Blake Aaron Tekotte (born May 24, 1987) is a former American professional baseball outfielder. He played in Major League Baseball (MLB) for the San Diego Padres and Chicago White Sox. He completed his professional career in 2016 playing for the Long Island Ducks of the Atlantic League of Professional Baseball.

Career

Amateur
Tekotte attended David H. Hickman High School in Columbia, Missouri and the University of Miami, where he played for the Miami Hurricanes baseball team. While at Miami, he reached the College World Series in 2006 and 2008. In 2007, he played collegiate summer baseball with the Brewster Whitecaps of the Cape Cod Baseball League and was named a league all-star.

San Diego Padres
He was drafted by San Diego Padres in the third Round (101st overall) of the 2008 Major League Baseball draft.

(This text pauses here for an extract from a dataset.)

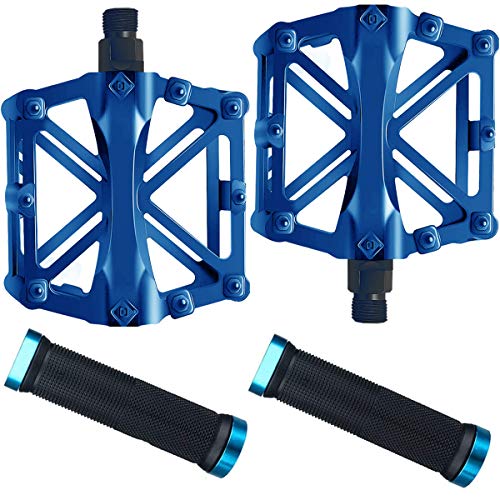 Fiyuer Pedal Bicicleta 4 Pcs Pedales Manillar de Bicicleta de montaña Aluminio manija de puños Pedales rodamiento súper Plat Plateado Estable con Pedal Antideslizante para 9/16 Pulgadas Azul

Tekotte was called up by the Padres for the first time on May 23, 2011.

Tekotte made his major league debut on May 25, 2011, one day after his 24th birthday, pinch-hitting for Mat Latos, lining out to the right fielder Jon Jay.

Chicago White Sox
On November 7, 2012, Tekotte was traded to the Chicago White Sox for minor league pitcher Brandon Kloess after being designated for assignment on November 2. On August 9, 2013, Tekotte hit his first Major League home run against Minnesota Twins pitcher Liam Hendriks. He was outrighted off the White Sox roster on December 6, 2013.

Arizona Diamondbacks
Tekotte was traded to the Arizona Diamondbacks on August 3, 2014.

Boston Red Sox
Tekotte signed a minor league contract with the Boston Red Sox on January 10, 2015.

Long Island Ducks
Tekotte signed with the Long Island Ducks of the Atlantic League of Professional Baseball on March 21, 2016.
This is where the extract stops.